Establishing new models or patterns of ministry are never easy. In Baptist life, things do not change quickly. Whether it be the local church, an association or the state or national conventions, Southern Baptists are not known for their swiftness in expediting change. Change does of course take place, but our basic credo seems to be, If it aint broke, dont fix it. The problem is that if it is broke, it takes several committees and a business meeting or two to rectify the problem. Im not being critical. Im merely pointing out what most of us are aware of already. The reason that change takes time in Baptist life is not because we are slothful and unconcerned, but because of our polity. It is congregational which means involving as many members as possible in the decision-making process. It can be time-consuming and sometimes frustrating for A-type personalities but its the Baptist way, and I am glad for it.
So, when I say its time for a paradigm shift in Baptist life, I am under no illusions that the shift I am advocating will not take place in my lifetime. It is simply to huge a shift.
I contend that it is time that Southern Baptists to do away with an entire level of denominational bureaucracy. I submit that the level we ought to jettison is the state convention. At least as a ministering, functioning, operating entity.
I know this will not endear me to my friends I have working at the Baptist Building in my state. They are hard-working men and women who feel called of God to do what they do. They serve faithfully and loyally and I commend them. In the age of the Internet, electronic messaging, and other high-speed communications, however, its a level of denominational life we may well be able to do without.
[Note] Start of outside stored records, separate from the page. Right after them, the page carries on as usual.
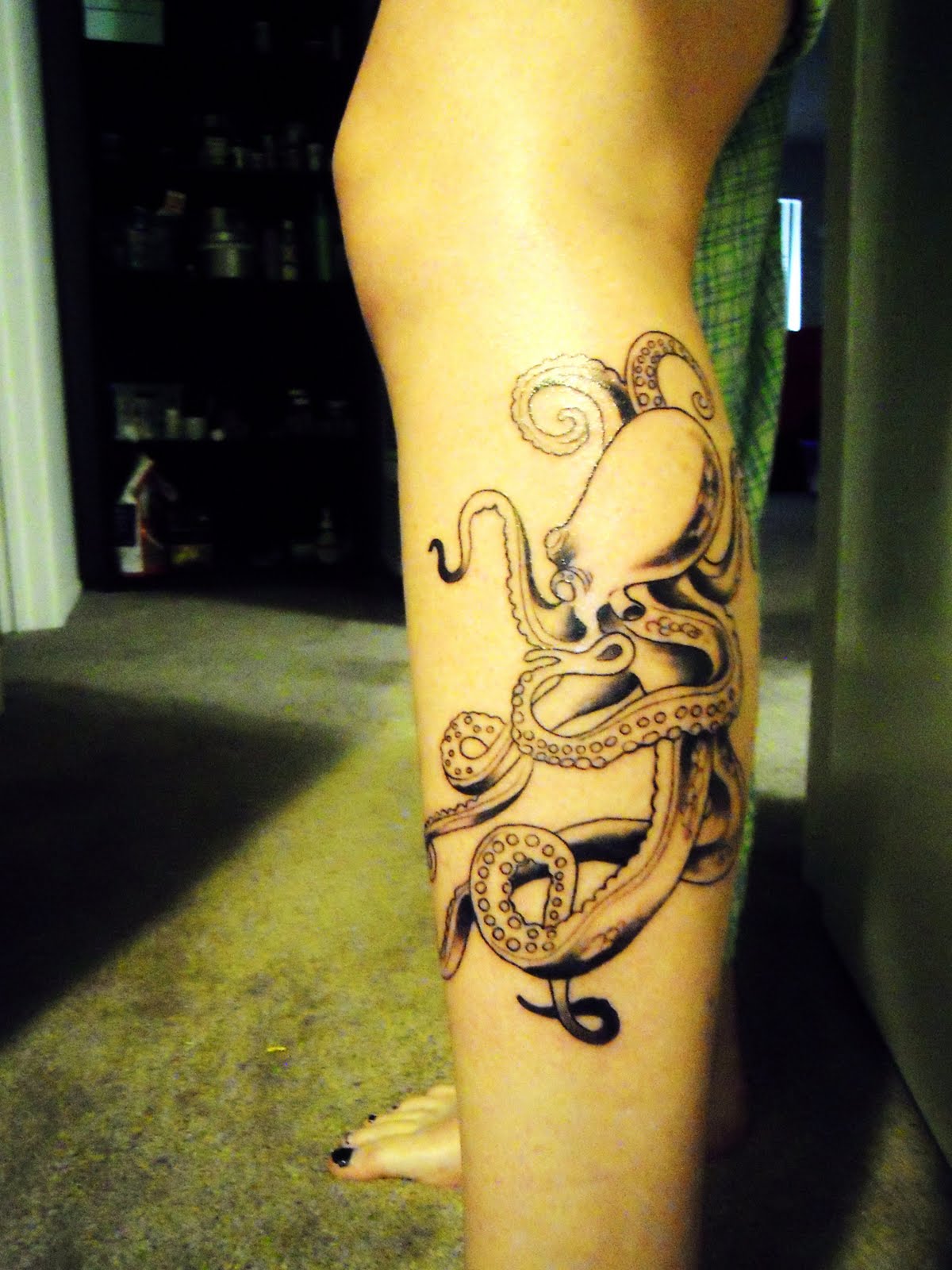 Black Ink Octopus Tattoo On Girl Left Leg Calf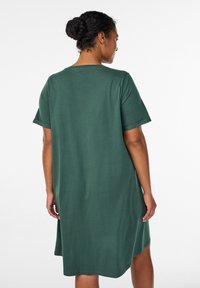 Short-sleeve, knee-length dress in dark green cotton. Features a relaxed fit with a crew neckline and rolled sleeves. No visible patterns.
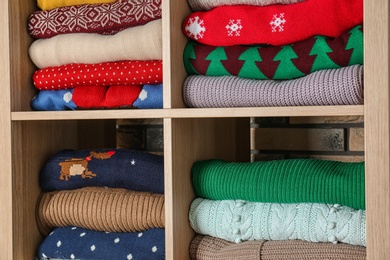 Photo of Folded winter clothes on shelves. Wardrobe storage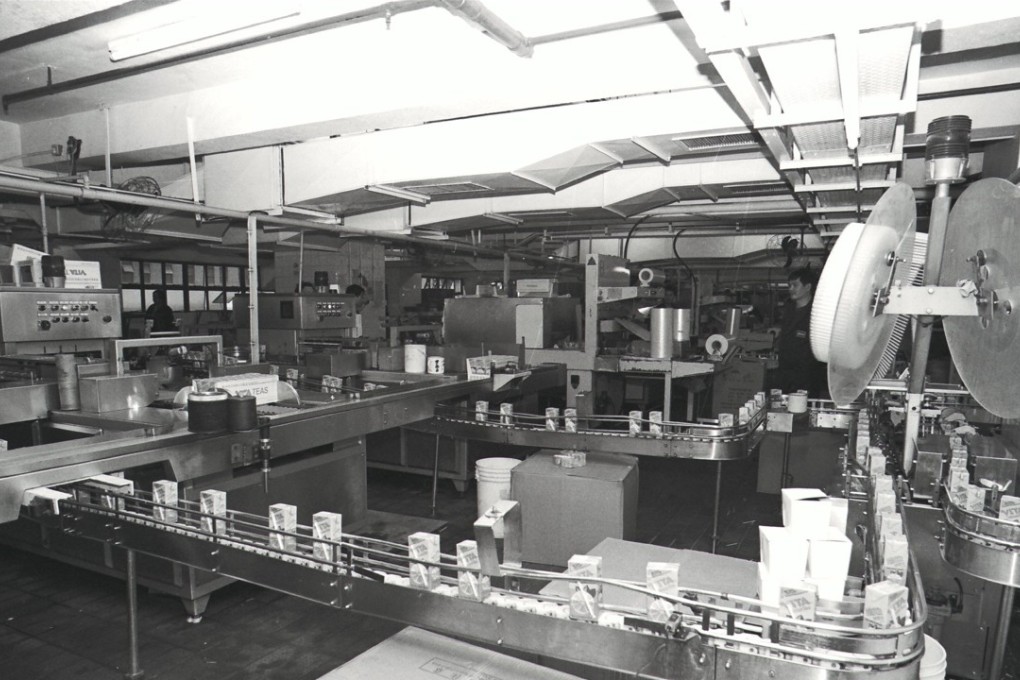 Cartons of Vitasoy drinks being manufactured in the company factory.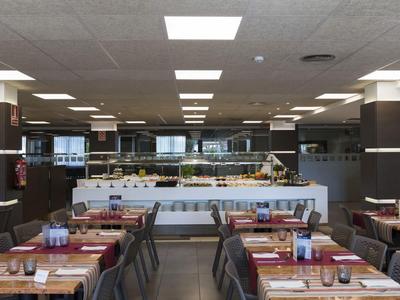 Modern restaurant with set tables and buffet in the background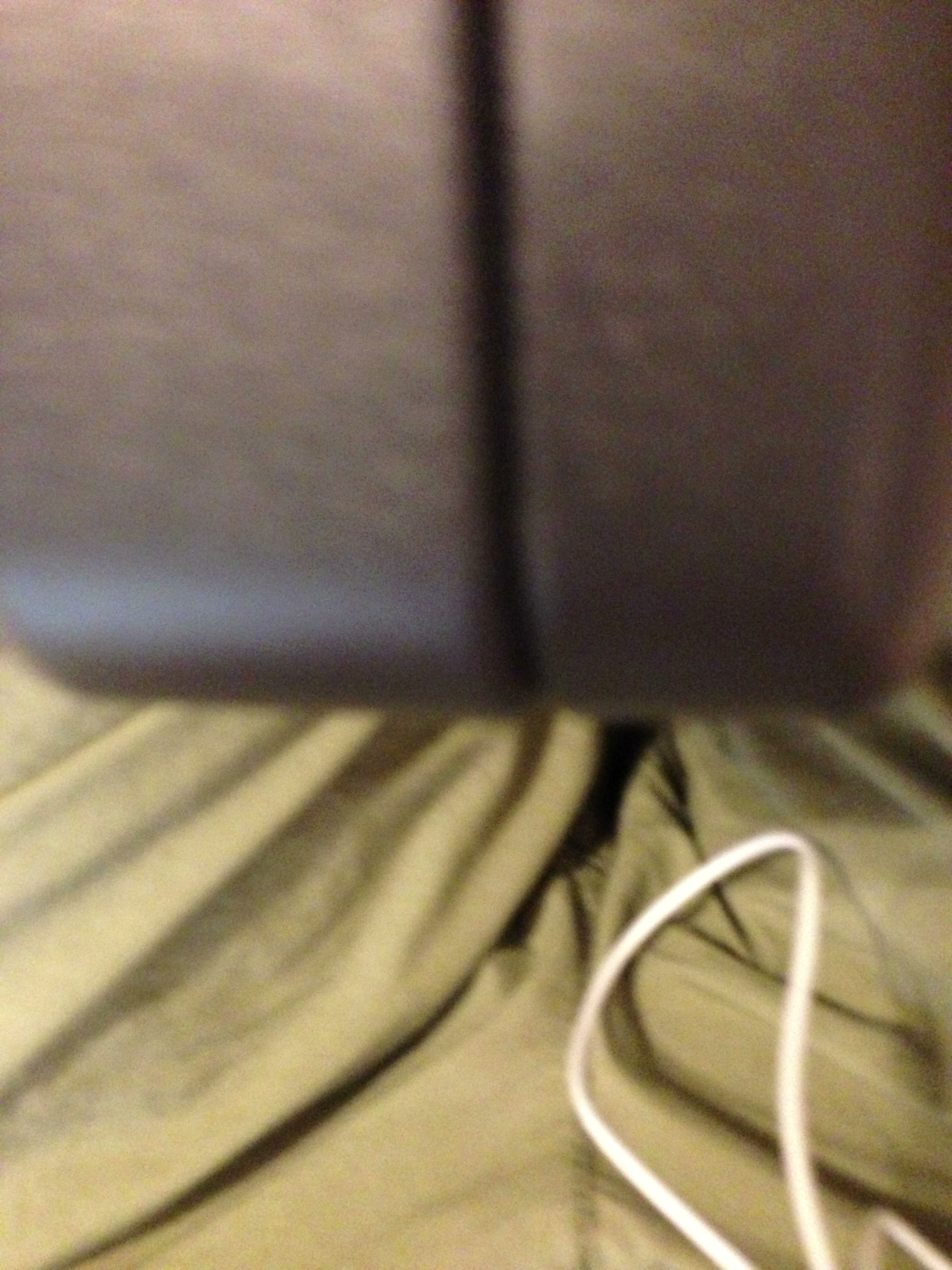 A photo captured by a person who is blind. A computer-generated caption for this photo is: A person sitting on top of a bed.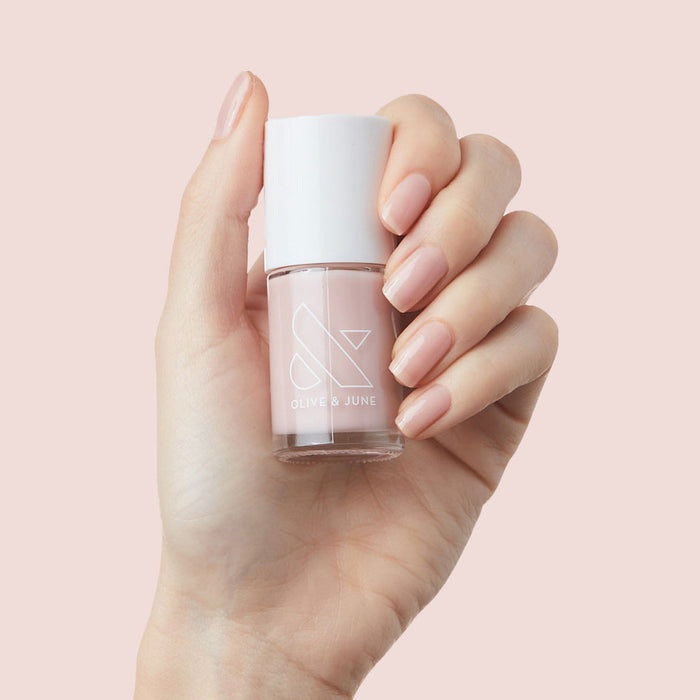 Hand with nails polished in neutral mauve using The Queen Takes her Tea with Milk for a natural mani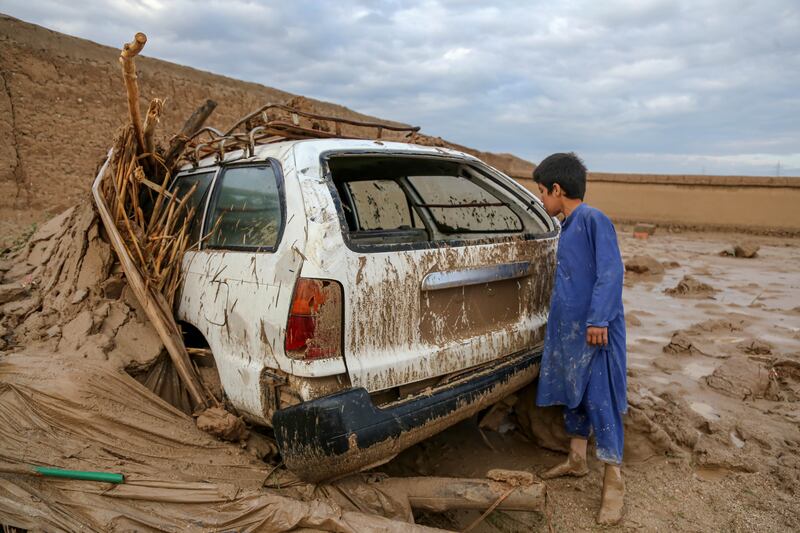 A car is stuck in mud after flash flooding hit Shahrak Muhajireen village in Baghlan, Afghanistan, on May 10. EPA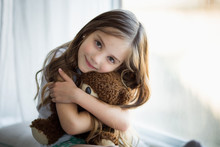 Portrait Of A Beautiful Girl With A Brown Toy Bear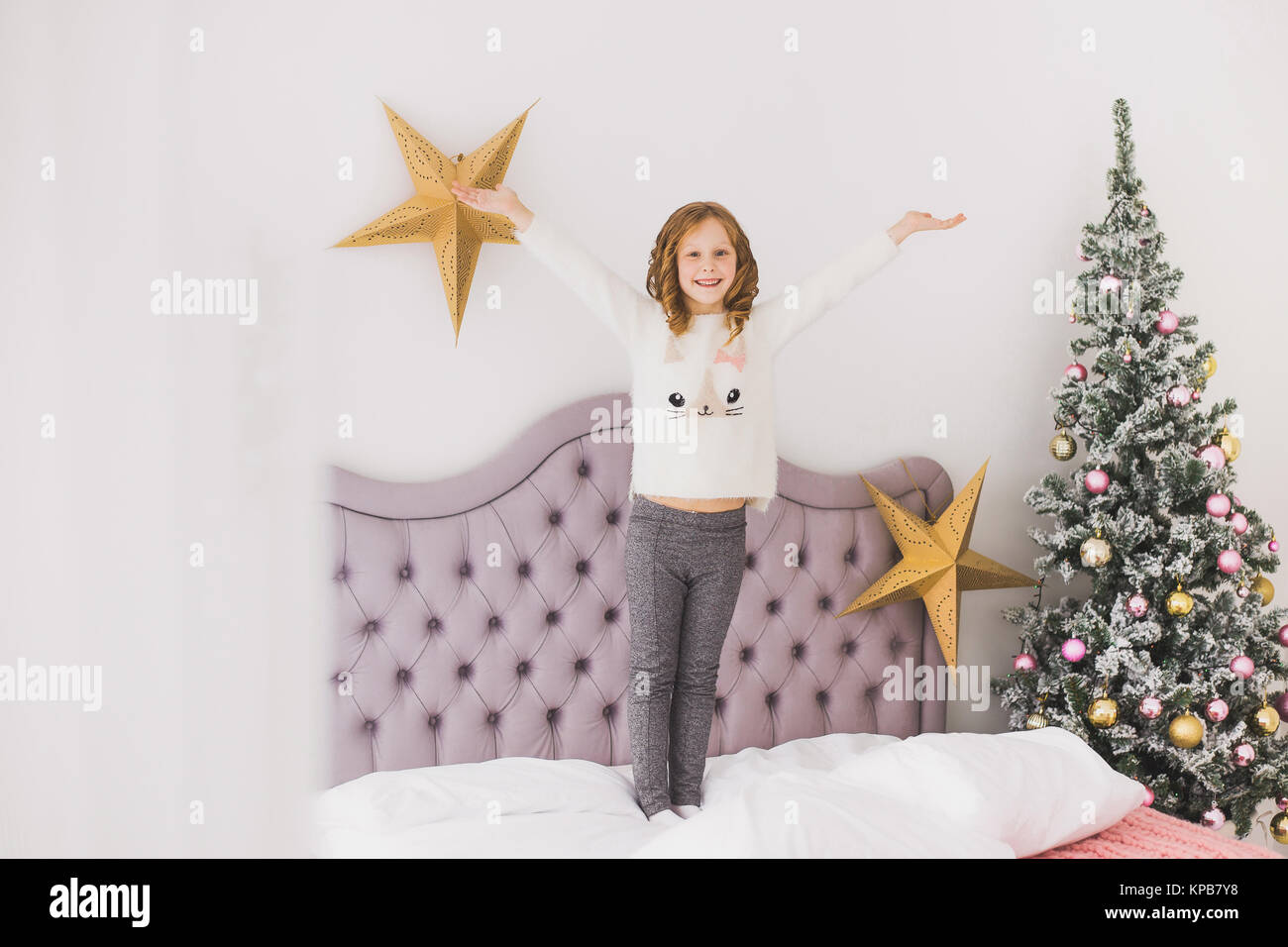 Portrait von niedlichen glücklichen kleinen Mädchen am Weihnachtsmorgen in Home Interior. Kind bezahlen mit Urlaub Dekoration bei der Verlegung auf dem Bett. Horizontale Farbe p Stockfoto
The paradigm shift I contend for is the super or mega association. The idea is not new. In fact its a return to the way our Baptist forefathers in America initially organized. For example, in 1791, North Carolina Baptists were organized primarily into three large associations the Kehukee, Sandy Creek, and Yadkin. Our state convention is currently divided into eight areas from which trustee representation is drawn for the Executive Board, agencies and institutions. These eight areas could each serve as a mega-association.
In his book A Baptist Association: Churches on Mission Together, J.C. Bradley provides a basic definition of an association. It is, To enable churches to be in fellowship and to be on mission individually and together. Everything being done on a state level could be done on the associational level, and in many cases could probably be done more effectively. Let me share some of my reasons for such a paradigm shift.
The state convention cannot be all things to all churches. State conventions, like churches, must prioritize ministries. There is simply not enough personnel, nor is there the financial resources to adequately meet the variety of needs represented by thousands of local churches. No one is better equipped to minister to the needs of its member congregations than the local association. The needs of congregations in or near metropolitan areas are often far different than those of congregations in predominately rural counties. Mega-associations would be able to specifically target the needs of member churches better than the state convention can.
Eliminating an entire level of denominational bureaucracy would free vast sums of money to be used by the mega-association for evangelism, missions, and ministry.
Mega-associations would be able to call multiple, full-time staffers to administer programs that could be specifically tailored for each association. Instead of a one-size-fits-all approach that a state convention must frequently take, mega-association staff could target specific ministries such as migrant workers or ethnic ministries -- that might exist in their association, but might not have a similar priority in another association.
Associational camps could become regional conference centers. Camps, often run on a shoestring budget could be greatly improved and enhanced by the pooled resources of the mega-association.
Baptist Colleges and Baptist Student Ministries could potentially see increased support. Mega-associations where such institutions exist may well decide to make such institutions a major ministry emphasis. Other mega-associations would undoubtedly still contribute.
As long as the mega-association missions center was centrally located, pastors and churches would have access to personnel and resources comparable to what is currently found only at the state offices or in metro-associations.
In his book A Baptist Association: Churches on Mission Together, J.C. Bradley lists ten tasks that the association should accomplish. They are:
1. Nurture harmony in faith and practice.
2. Nurture fellowship among church, church leaders, and members.
3. Call the churches to be on mission.
4. Provide resources and services to churches and leaders.
5. Train, develop, and encourage church and associational workers.
6. Provide opportunities for working together in missions, ministry, growth, and evangelism.
7. Establish and maintain appropriate communication and relationships with the community and the denomination.
8. Govern the association under the lordship of Christ.
9. Plan the associations program and manage its resources
10. Provide information about the churches to the denomination.
I see every one of these tasks being accomplished ten-fold, with such a paradigm shift.